Specializes in NICU.

Please

you made the mistake of sharing highly personal information,close your mouth now and stop reminding them.I commend your sobriety,but leave it private,you have no idea how things come to haunt you ,even innocent remarks,everyone tells.If someone other than you knows ,other people will know.Too hard to pass up juicy gossip for some.

Specializes in NICU.
FOR GOD's SAKE KEEP YOUR MOUTH SHUT ON THIS ISSUE!!!! If you don't you run the risk of being placed in a cookie cutter, punitive program that will hurt you and your career & such treatment is nothing you deserve. You are to be congratulated for your sobriety not punished for it. Here's a sad nursing reality 101 lesion not all nurses are good, compassionate people. Some of them get pleasure by judging and punishing others for whatever reason. That minority of nurses often find themselves in position of power both in management and on state BONs. Do not trust these soulless vampires to help you. Put your cross and garlic on and steer very clear of them.

So very true.!!!!

The BON is not going to do this much investigating for each and every NCLEX application. Even if they checked your FB and MySpace from years ago, they can't prove anything. Even if they found a picture of you getting high 10 years ago on MySpace, that doesn't prove 1- it was actually you and 2- you were actually getting high.

But what they DO love to do is thoroughly investigate anyone who admits they had a past issue, no matter how long ago.
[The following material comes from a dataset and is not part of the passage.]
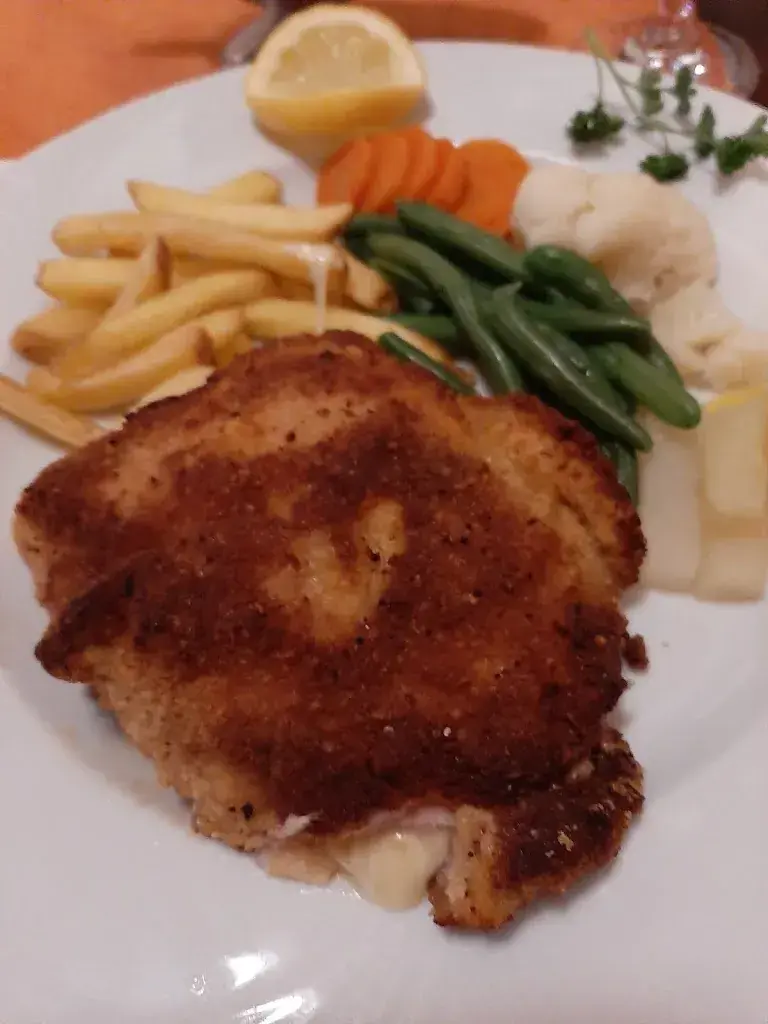 Menu_Restaurant Brauerei_Altishofen_image_2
That one is a promise. Some states are very unfair so with knowing that I wouldn't admit to something that has no legal trail and that was over 10 years ago.

Make sure you read the link I posted from another thread and what she has to go through... 3 years sober and she is STILL not licensed.
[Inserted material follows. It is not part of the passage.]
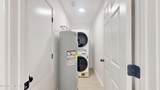 4774 Leopard Circle - Photo 39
PLEASE consider continuing as the sober person you are now and have been for 12 years. I absolutely promise you that the BON does not do Facebook and Myspace checks of applicants. Please do not mention your past to another person. It is totally your business and your alone.
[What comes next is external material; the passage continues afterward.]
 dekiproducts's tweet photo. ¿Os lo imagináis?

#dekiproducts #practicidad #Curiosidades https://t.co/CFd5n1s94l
Absolutely not. Dont do it

I made an account literally just to reply to this. Absolutely not, You have no reason to and saying that you did puts a big flag to the nursing board on you. say god forbid in your career a nurse on your shift steals meds and you need to speak about it. ya youre guilty already with your history. youre over thinking about this, Do NOT disclose this.

Why are you even telling everyone about your sobriety? stop talking about this youre seriously setting yourself up for failure im shocked right now at all this

tonyl1234 - this is absolutely untrue. you are required to inform them if you have a substance abuse problem this is not a hippa issue. it is a nursing board requirement

Oh wait... here's the thread...

https://allnurses.com/nurses-recovery/nursing-grad-dealing-1145982.html

Follow her other posts/comments and see what hell she has gone through being honest.

That is crazy! They were going to discipline her for entering a sobriety program years before she ever even became an LPN?!

Specializes in Psych, Corrections, Med-Surg, Ambulatory.

If your user name in any way resembles your real name, please change it yesterday. The mods can help you with this. I'm of the mind that if there is no medical or legal paper trail, it didn't happen. I believe honesty is the best policy, but every rule has an exception. Based on the personal experiences of many who have posted here, I think this may be one of them. Best wishes.

Specializes in ED, Cardiac-step down, tele, med surg.

I've worked in 2 states, presently CA and have never been asked that question. That's a HIPPA issue. I've only been asked about criminal history. I would keep my health info private if I were you. It's none of their business. An active problem on the other hand could be a safety hazard for the public, not an old problem that occured a decade ago.